Locally, Business West's managing director Phil Smith said: "The general election result will give us a majority government for 4 or 5 years - and welcome stability. The rise of Conservatism in the North will mean a very different set of priorities to traditional Conservatism and a greater focus on inclusion and a different economic shape of our country.
"Sajid Javid's manifesto pledges will mean a big step up in infrastructure spending nationally, although day to day spending will remain tight. The big question remains as to whether our region gets its fair share, given the creaking state of much of our infrastructure.
"The precise outcome of Brexit will remain uncertain, but this will not because of UK politics but due to the nature of UK-EU negotiations and what we want our future relationship to look like."

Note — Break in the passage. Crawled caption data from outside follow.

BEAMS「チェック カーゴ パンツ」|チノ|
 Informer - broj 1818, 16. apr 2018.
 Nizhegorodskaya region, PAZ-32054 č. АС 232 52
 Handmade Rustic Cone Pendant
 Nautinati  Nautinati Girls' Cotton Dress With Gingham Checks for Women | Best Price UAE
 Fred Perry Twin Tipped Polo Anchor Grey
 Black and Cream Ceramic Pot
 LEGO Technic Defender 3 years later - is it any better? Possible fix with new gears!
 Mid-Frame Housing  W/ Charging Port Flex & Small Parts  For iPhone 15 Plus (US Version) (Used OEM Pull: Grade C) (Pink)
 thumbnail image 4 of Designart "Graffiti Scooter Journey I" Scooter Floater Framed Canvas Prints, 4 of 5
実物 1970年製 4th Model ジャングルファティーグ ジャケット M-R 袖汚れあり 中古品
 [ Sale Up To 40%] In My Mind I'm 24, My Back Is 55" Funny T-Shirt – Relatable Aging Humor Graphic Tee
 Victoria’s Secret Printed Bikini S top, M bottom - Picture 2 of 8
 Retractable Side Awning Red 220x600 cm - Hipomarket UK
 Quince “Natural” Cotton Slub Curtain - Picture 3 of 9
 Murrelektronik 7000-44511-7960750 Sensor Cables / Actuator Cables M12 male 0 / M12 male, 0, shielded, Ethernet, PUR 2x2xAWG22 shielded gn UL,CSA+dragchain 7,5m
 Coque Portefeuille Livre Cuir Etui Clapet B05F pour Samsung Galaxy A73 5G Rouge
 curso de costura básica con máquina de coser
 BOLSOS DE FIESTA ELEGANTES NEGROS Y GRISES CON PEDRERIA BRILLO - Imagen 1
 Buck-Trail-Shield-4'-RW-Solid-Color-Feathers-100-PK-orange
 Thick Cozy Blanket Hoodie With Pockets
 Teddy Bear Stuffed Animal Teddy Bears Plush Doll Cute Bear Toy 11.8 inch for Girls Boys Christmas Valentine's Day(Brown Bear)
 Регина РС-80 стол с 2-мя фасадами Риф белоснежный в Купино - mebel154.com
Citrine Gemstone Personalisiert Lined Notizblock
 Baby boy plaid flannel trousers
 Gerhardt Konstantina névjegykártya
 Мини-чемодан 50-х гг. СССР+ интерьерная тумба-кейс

And commenting on how the result impacts financial markets and investors, Guy Foster, head of research at Marlborough-based wealth management company Brewin Dolphin said: "The potential for a smooth Brexit removes some of the downside risk for the UK economy.
"This should be positive for both business and consumer confidence, at least in the short term, with a gradual acceleration in GDP growth and confidence.
"Households are likely to increase spending and businesses that are primarily exposed to the UK’s economy will receive a boost; most notably retailers, house builders, and some banks.
"However, a lot can change over the coming months as the finer detail of the UK’s future trade relationship with the EU is negotiated.
"This is still, after all, just the beginning of the exit process. Even with the passing of the withdrawal agreement, the UK could still leave the EU without a deal at the end of 2020 if trade negotiations don’t proceed successfully.
"It remains to be seen whether the UK will have tariff-free trade or World Trade Organisation terms. "Aside from Brexit of course, there remain plenty of other challenges facing the government. The Conservative manifesto may have been scant on detail, but there were a number of new public spending pledges that sought to signal an end to austerity and make use of the so-called Brexit dividend. We await these with interest."